150$ Home studio with industry quality

Not bothering to enter the discussion if he is/is not using pirated software or not, if he knows anything about the recording industry or not, I will only comment on him being able to record a professional sound with a USB mic and a total spending of $150.

I have been in the professional industry for more than 40 years and have a setup worth well over $200k (including some mics worth about $7k each, a 96 chnl fully automated console, etc) and added to that a studio and control room that has been acoustically treated and tuned to the limit and have recorded and/or produced records that have been top sellers, yet I still say that I have recorded duds and am still learning on a daily basis.

How he claims to be such an expert and produce such excellent sound I do not know.

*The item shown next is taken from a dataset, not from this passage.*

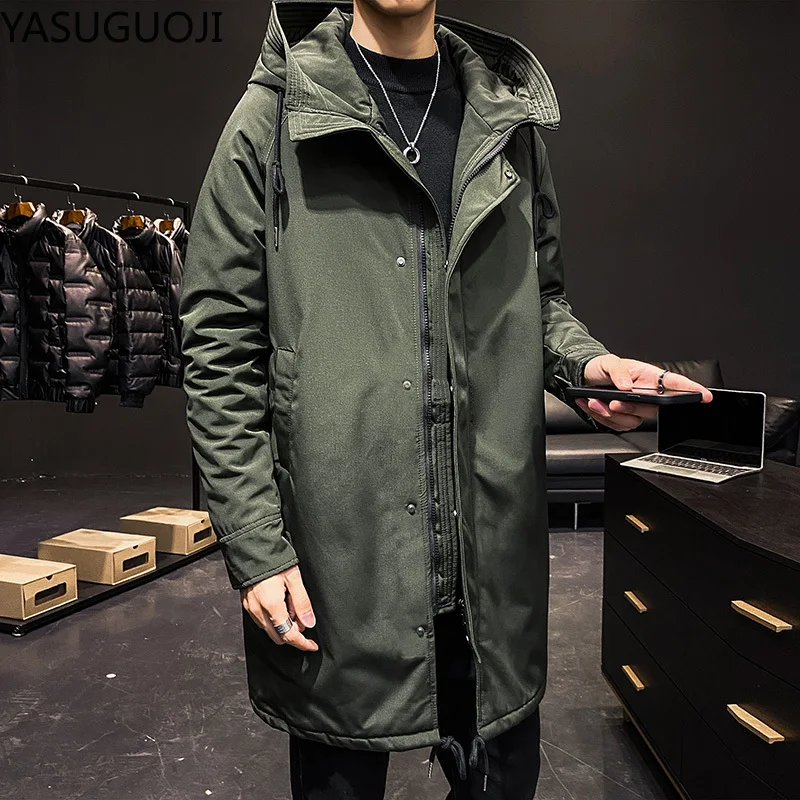 YASUGUOJI Mens Autumn and Winter Thicken Hooded Windbreaker 2024 Military Army Green Long Jacket Male Denim Trench Coat For Men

...and I've heard damned good sounding recordings from guys who HAVE legitimately only spent a couple hundred bucks. Really, his biggest issue was the presupposition that money = pro sound.
 
I just hope some poor Grandma hasn't lost the only pictures of her babies, cuz some guy wanted to give a dope setup to his fiend.

The thought of that makes me want to find a way to introduce actual viruses into humans that steal shit....Argh, that is what pisses me off the most!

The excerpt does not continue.